「こころをつかう」という表現が苦手だ、ということは以前にも書いた。こころって誰かが使えるものではなくて常に受け身だと思うから。心揺さぶられたり心苦しくなったり。たとえ能動的に誰かを心から締め出したくなったりしたところでそんなことはできないから私たちは苦しむ。もちろん苦しまない人もいるだろうけど、私は、そして私が会っている人たちはこころなんていうあるんだかないんだかわからないけどたしかに自分の身体の内側でうごめているものに苦しめられたり、色々している。
色々と雑に書いたのは苦しいだけではなくて、そこから救われたと感じたり、誰かへの愛しさでいっぱいになったり、心白くなるほどに自分や相手を区別しない瞬間もあると知っているから。
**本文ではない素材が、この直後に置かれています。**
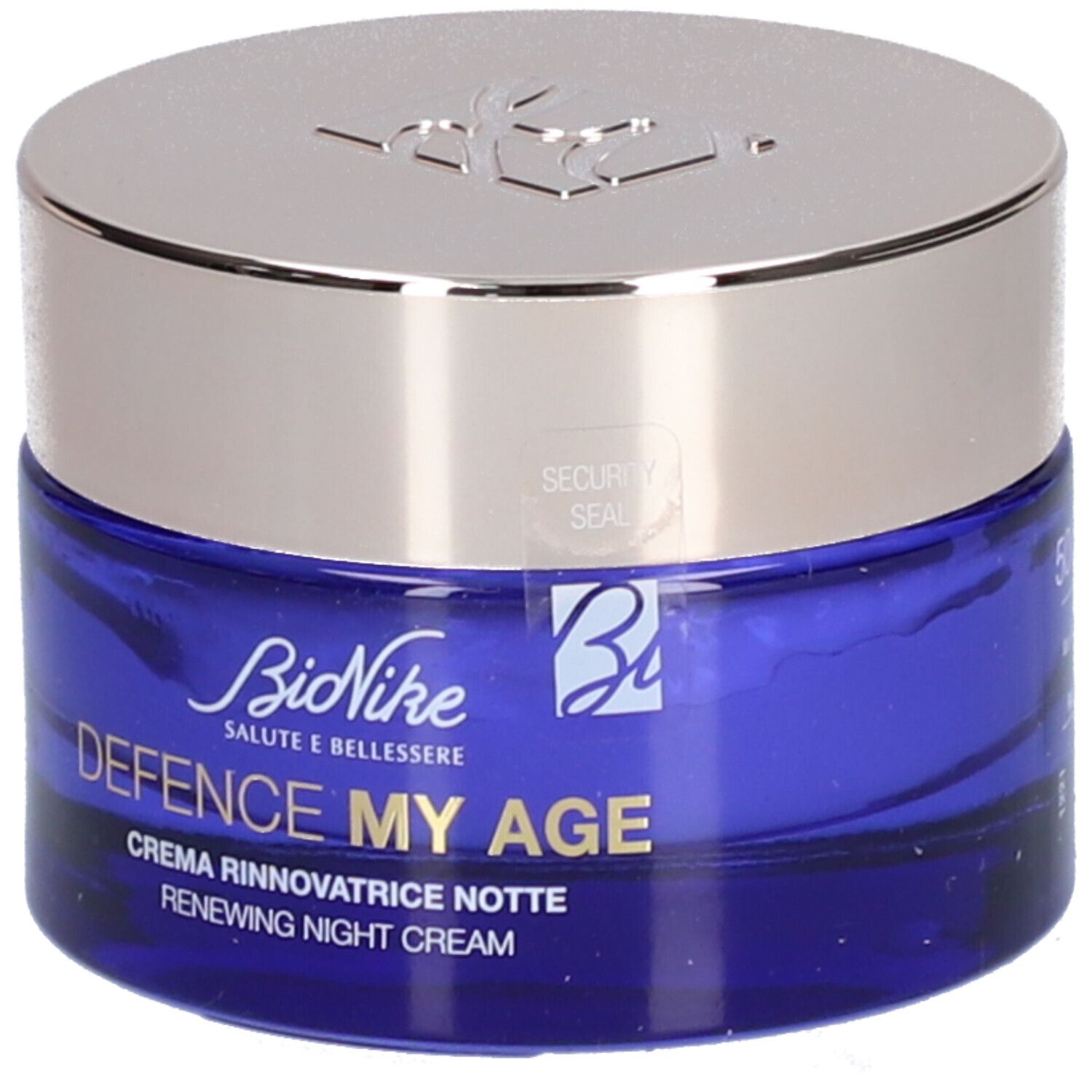 Blauwe crèmepot met zilveren deksel. Opschrift: BioNike, DEFENCE MY AGE, Creme Rinnovatrice Notte, Renewing Night Cream. Veiligheidszegel.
首都高の真下の寒椿、手入れのされていない枯れ木にまみれて小さな赤い花をたくさんつけていた。たくましいなと思った。もっと栄養を与えてもらったら、もっと別の場所に植えられていたら、と一瞬思ったけど、これはこれでこうして私が目を止める鮮やかさで咲き、人知れず散っていくであろうことにもなんの想いももたないのだろうから私の大きなお世話は素直に「たくましいな」「かわいいな」でとどめておくべきなのだろう。
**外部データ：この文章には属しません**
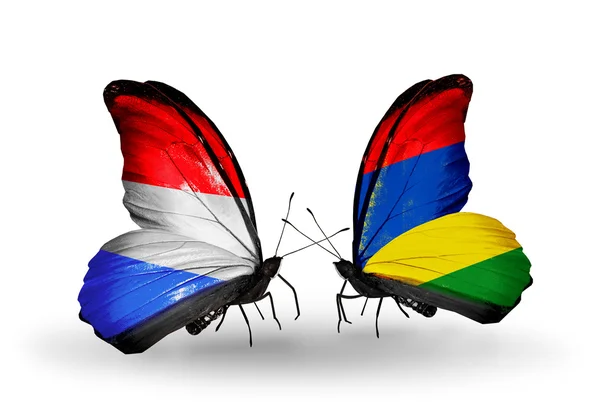 Butterflies with Luxembourg and  Mauritius  flags on wings — Stock Photo, Image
花の名前も鳥の名前もそれらをいくら愛でたとしても覚えることができない。でもそれが特に必要というわけではない。いつも似たような人の似たような行動に似たようなことを感じてばかりいるわたしの「こころ」なるものがどうあろうと、わたしになにがなくともそこにいてなにかを感じさせてくれる存在をありがたく思う。
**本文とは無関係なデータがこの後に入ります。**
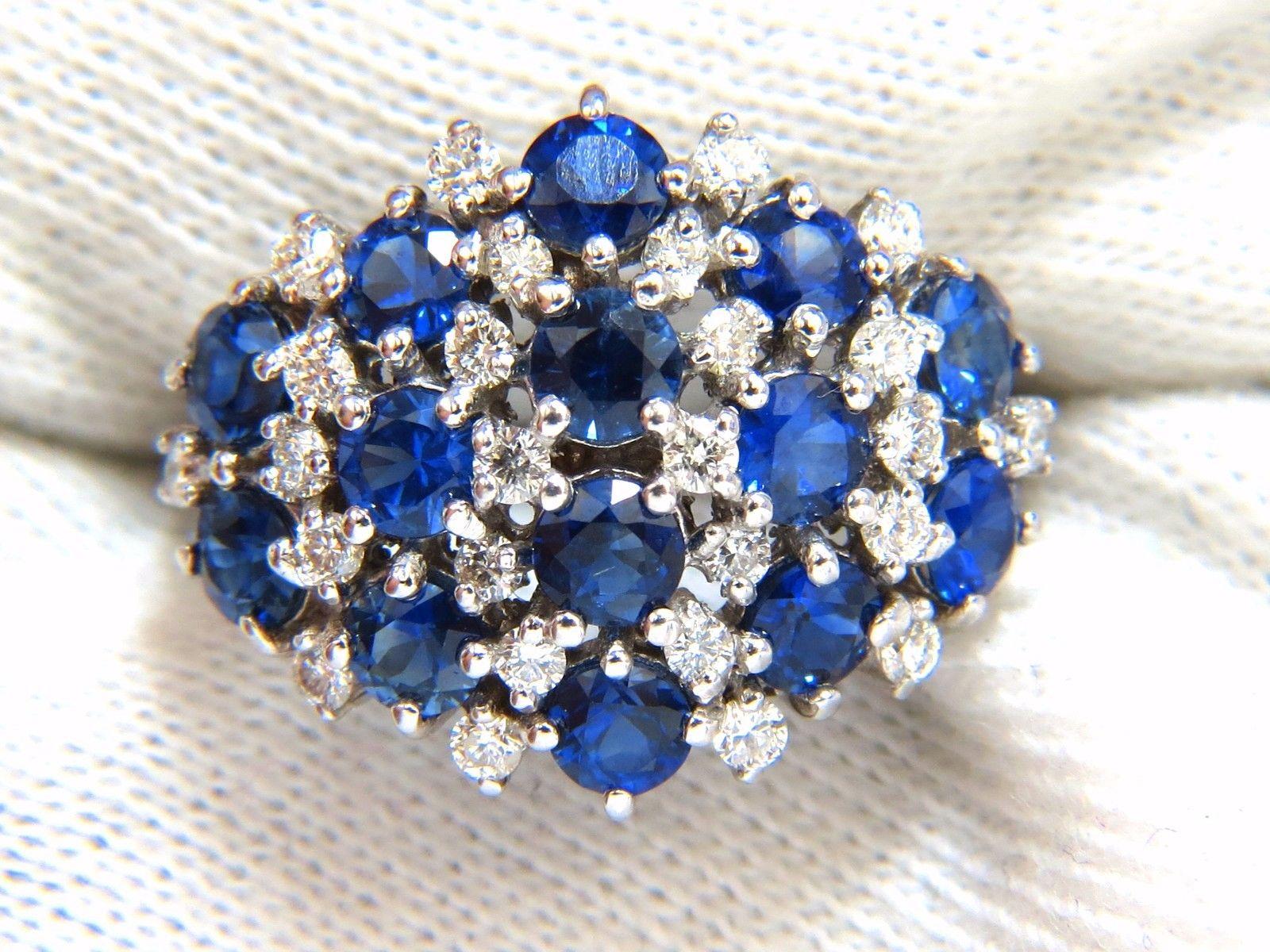 Modern Classic cocktail, raised dome ring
時間は有限だ。どうであってもいつか終わる。今日のわたし、今日のあなた、今のこころ、なにがどうなるのかまるでわからないけれどこうしている間にも太陽は少しずつ高いほうへ。私の小さなオフィスに差し込む光とそれが作る影もいつのまにか姿を変える。「いつのまにか」動かされるこころのようなものを静かに感じながら今日も過ごせたらと願う。